Nobody would name the 1989 Michael Douglas/Kathleen Turner comedy The Conflict of the Roses a fine-grained examination of a dissolving marriage. The first promoting level of the movie — itself an adaptation of Warren Adler’s 1981 novel — was to see how pitch black a darkish comedy might get, and even then, it was fairly bleak. So what’s odd — and a tad disappointing — about its inevitable remake, The Roses, is that the promise of recent and uncharted ranges of cruelty goes largely unfulfilled.

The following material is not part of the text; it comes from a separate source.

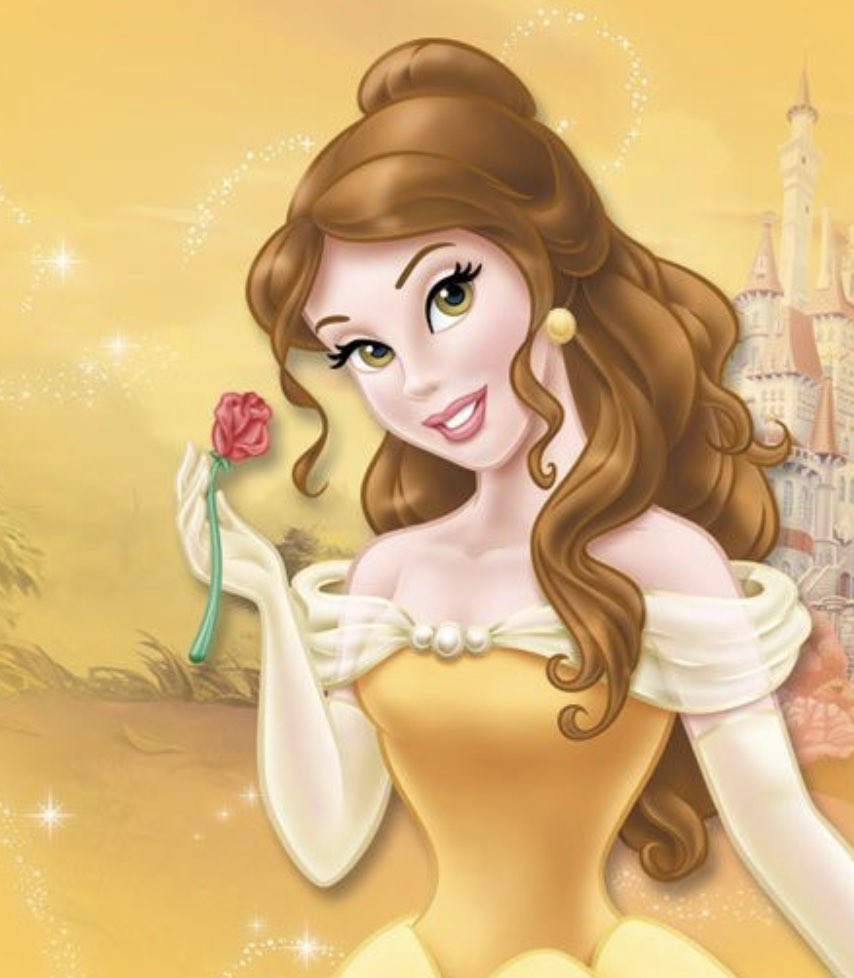 Belle Pictures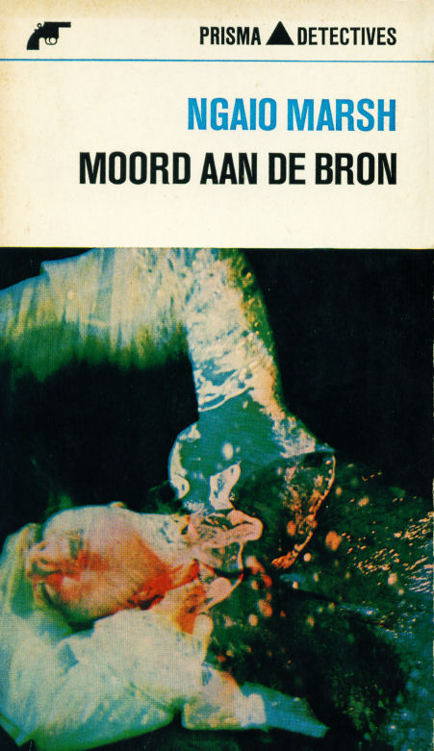 Moord aan de bron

Which isn’t to say the film is unfulfilling. In actual fact, it gives one thing that the 1989 film lacked: The Roses is, as a lot as could be anticipated in a darkish comedy, a fine-grained examination of a dissolving marriage. The quantity of emotional legitimacy within the story of Theo and Ivy Rose’s gradual marital descent is as stunning as any of the insults they hurl at one another because the pressures of contemporary marriage chip away at their relationship. If the escalating comedic stakes by no means really feel notably harmful in an period that additionally produces South Park and It is At all times Sunny in Philadelphia, that is the worth we pay to see Benedict Cumberbatch and Olivia Colman argue in ways in which appear achingly acquainted.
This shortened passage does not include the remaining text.